Every record below is to be repeated exactly, with the pictures left out.

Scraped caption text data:
- - - - -

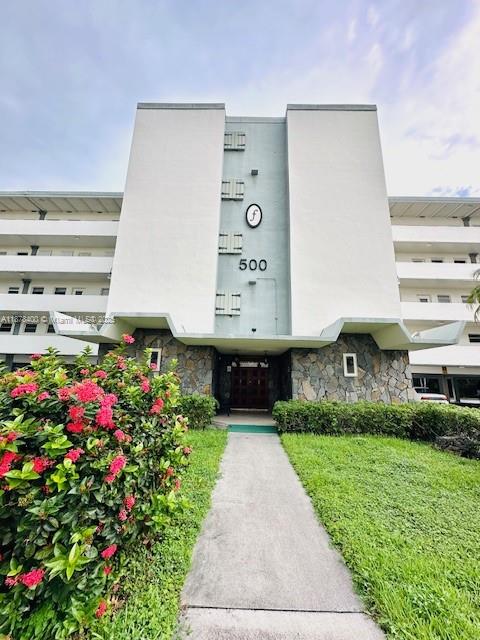 FAIRWAYS CO-OP - Residential Lease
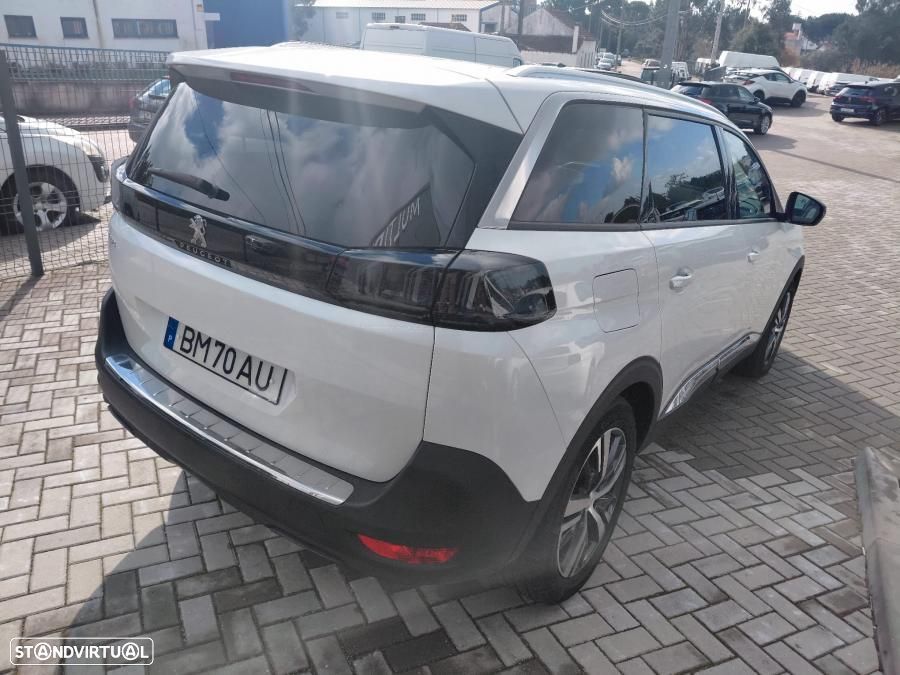Peugeot 5008 - 3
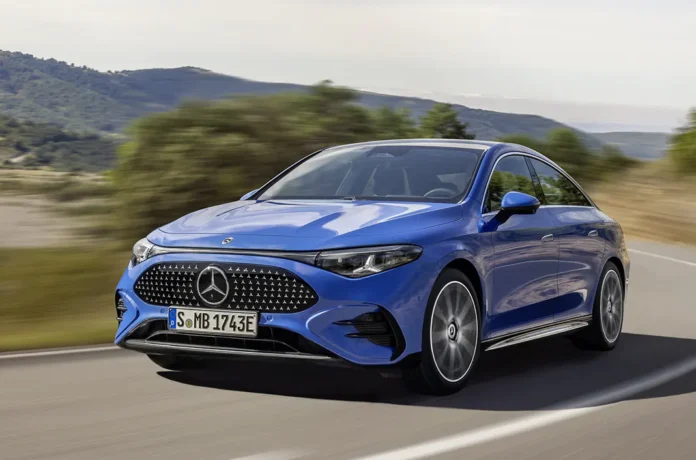 Mercedes-Benz представив новий седан CLA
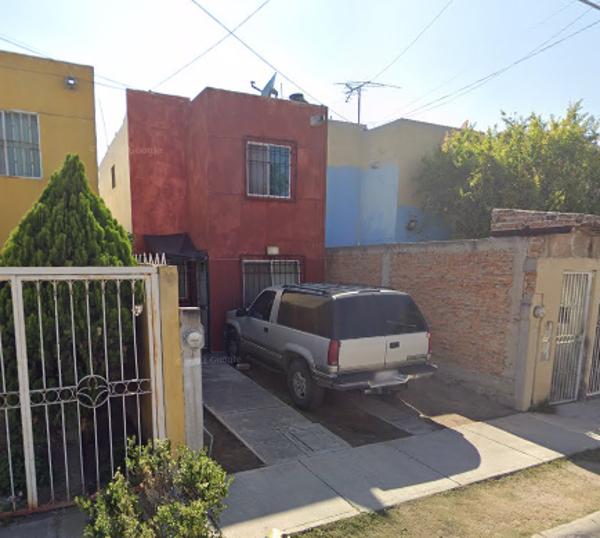 CASA DE OPORTUNIDAD A PRECIO DE REMATE, EN ZONA SANTA FE, TLAJOMULCO DE ZUÑIGA, JALISCO. CASA DE OPORTUNIDAD A PRECIO DE REMATE, EN ZONA SANTA FE, TLAJOMULCO DE ZUÑIGA, JALISCO.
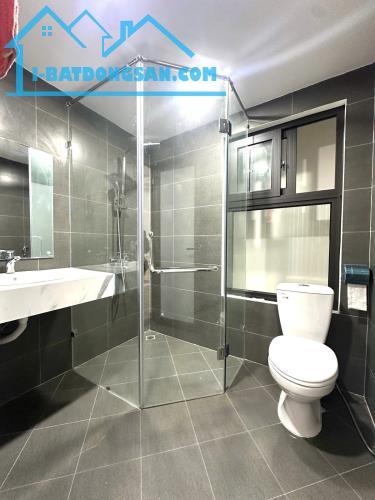 Bán nhà ngõ 325 Yên Hoà, DT 30/33m, 5 tầng mới, MT 5m, giá 8.7 tỷ, ngõ 2m.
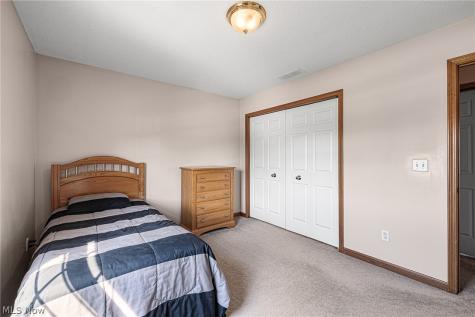 6656 Willow Lake Drive North Royalton OH 44133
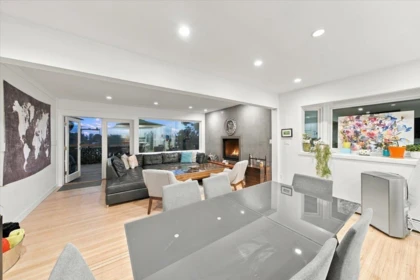 Kitchen Island Photo of 1095 W Keith Road, North Vancouver, BC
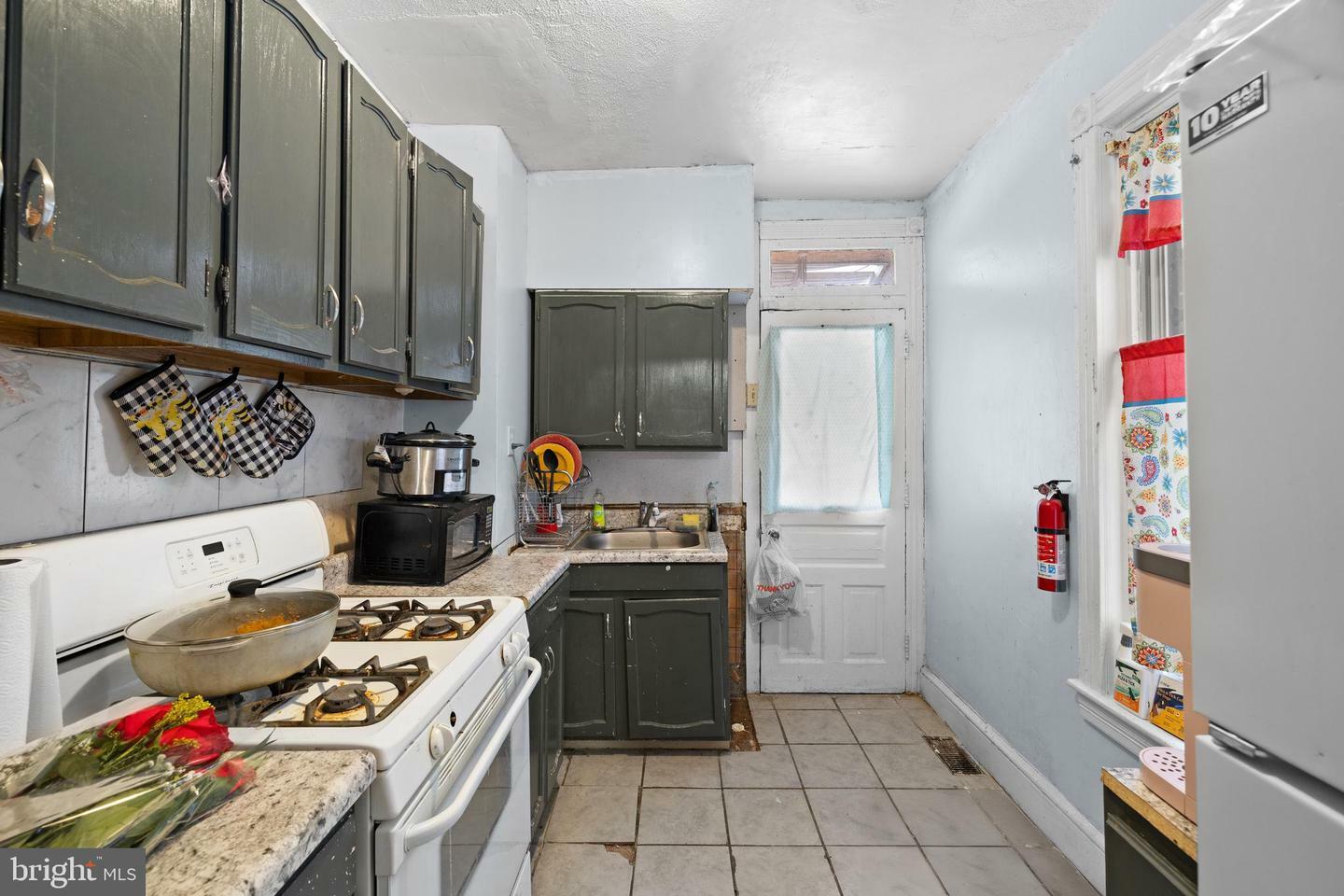 Property Photo:  425 W Greenwich Street  PA 19601 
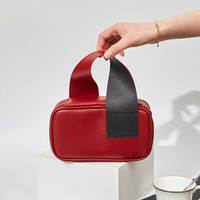 Sac de maquillage en PVC bon marché sac cosmétique accessoires de voyage pour femmes, petite pochette à fermeture éclair organisateur de sac de maquillage pour le voyage ou un usage quotidien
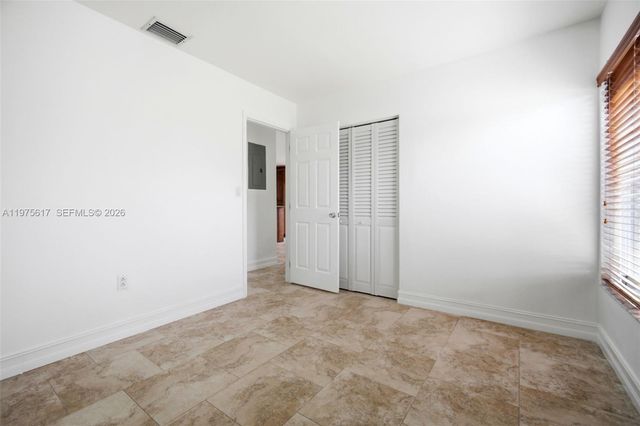 561 SW 87th Ct, Miami, FL 33174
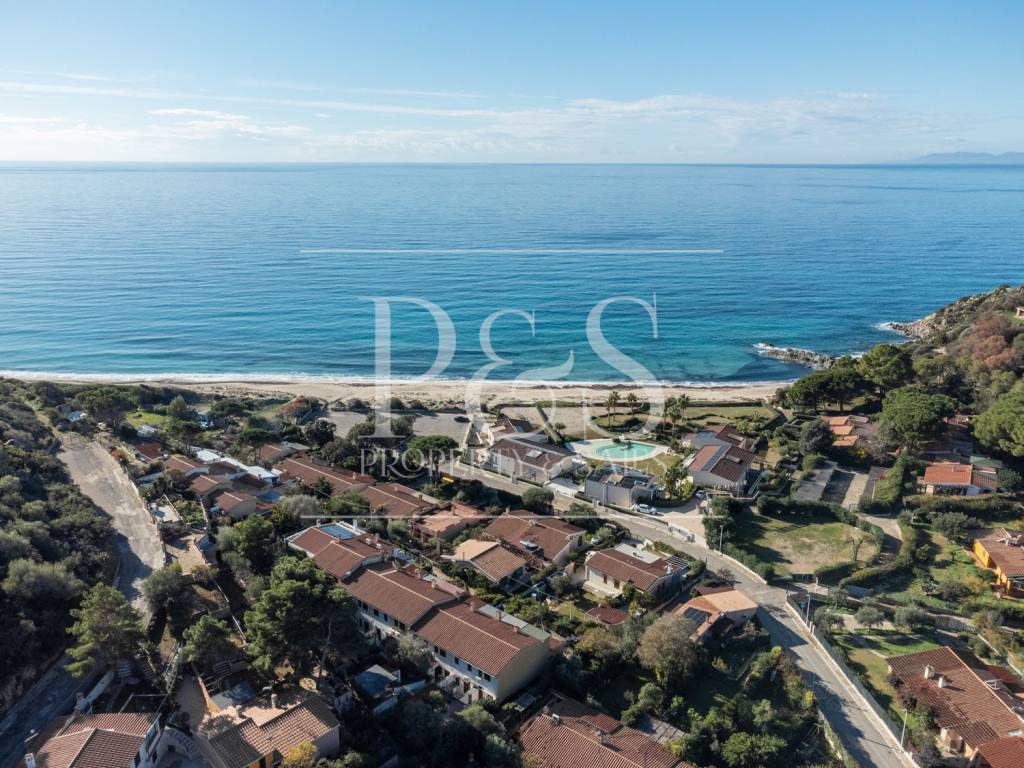 Villa a Quartu sant'elena in Via Sirio - Foto 2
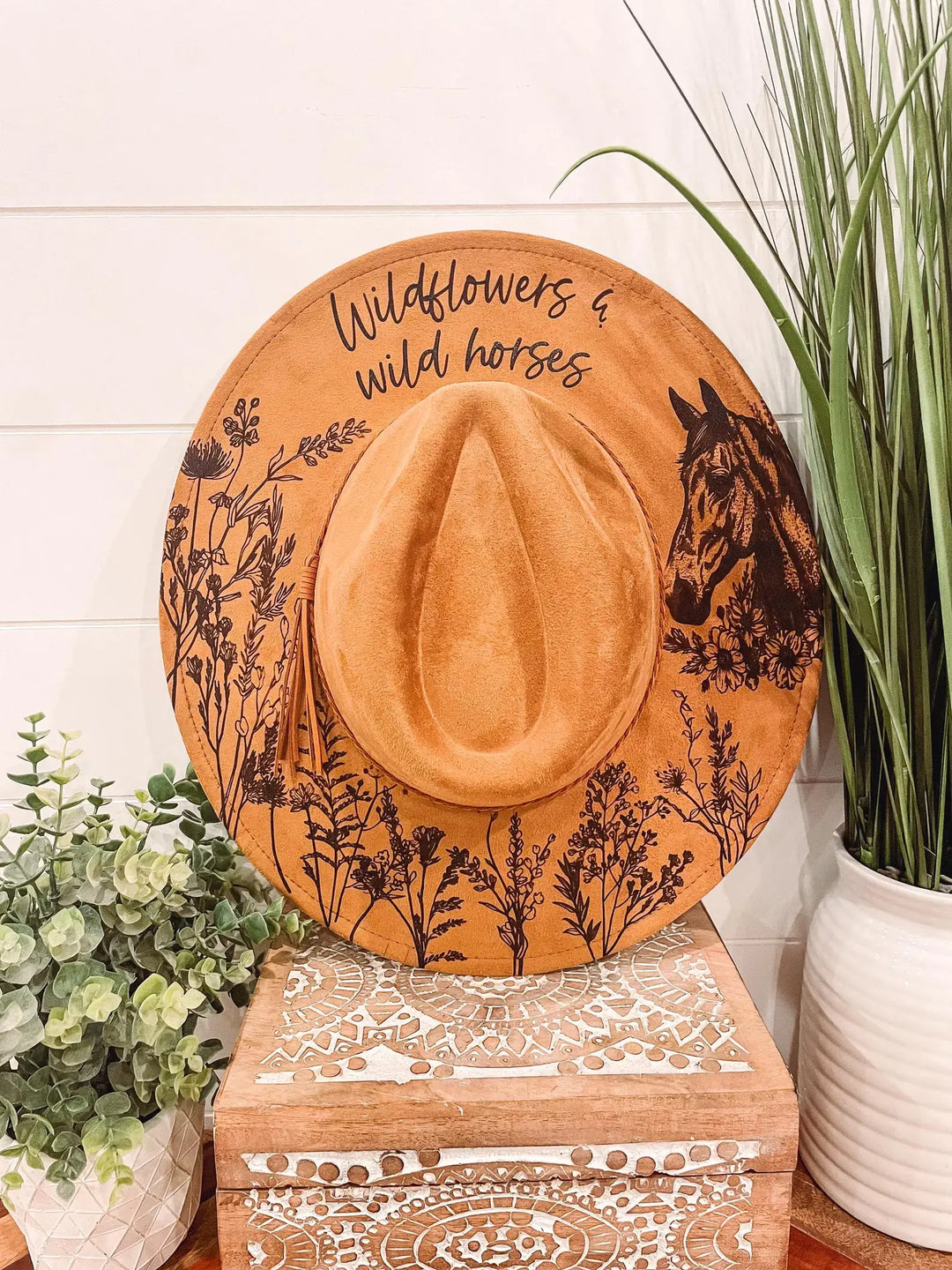 Engraved Wildflowers & Wild Horses Hat: Ivory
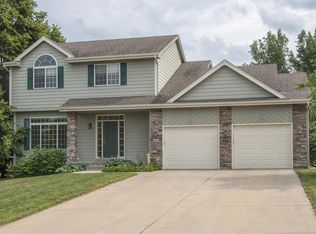 650 Patterson Dr, Carlisle, IA 50047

- - - - -

#### ANSWER TO THE EXERCISE:
 FAIRWAYS CO-OP - Residential Lease
Peugeot 5008 - 3
 Mercedes-Benz представив новий седан CLA
 CASA DE OPORTUNIDAD A PRECIO DE REMATE, EN ZONA SANTA FE, TLAJOMULCO DE ZUÑIGA, JALISCO. CASA DE OPORTUNIDAD A PRECIO DE REMATE, EN ZONA SANTA FE, TLAJOMULCO DE ZUÑIGA, JALISCO.
 Bán nhà ngõ 325 Yên Hoà, DT 30/33m, 5 tầng mới, MT 5m, giá 8.7 tỷ, ngõ 2m.
 6656 Willow Lake Drive North Royalton OH 44133
 Kitchen Island Photo of 1095 W Keith Road, North Vancouver, BC
 Property Photo:  425 W Greenwich Street  PA 19601 
 Sac de maquillage en PVC bon marché sac cosmétique accessoires de voyage pour femmes, petite pochette à fermeture éclair organisateur de sac de maquillage pour le voyage ou un usage quotidien
 561 SW 87th Ct, Miami, FL 33174
 Villa a Quartu sant'elena in Via Sirio - Foto 2
 Engraved Wildflowers & Wild Horses Hat: Ivory
 650 Patterson Dr, Carlisle, IA 50047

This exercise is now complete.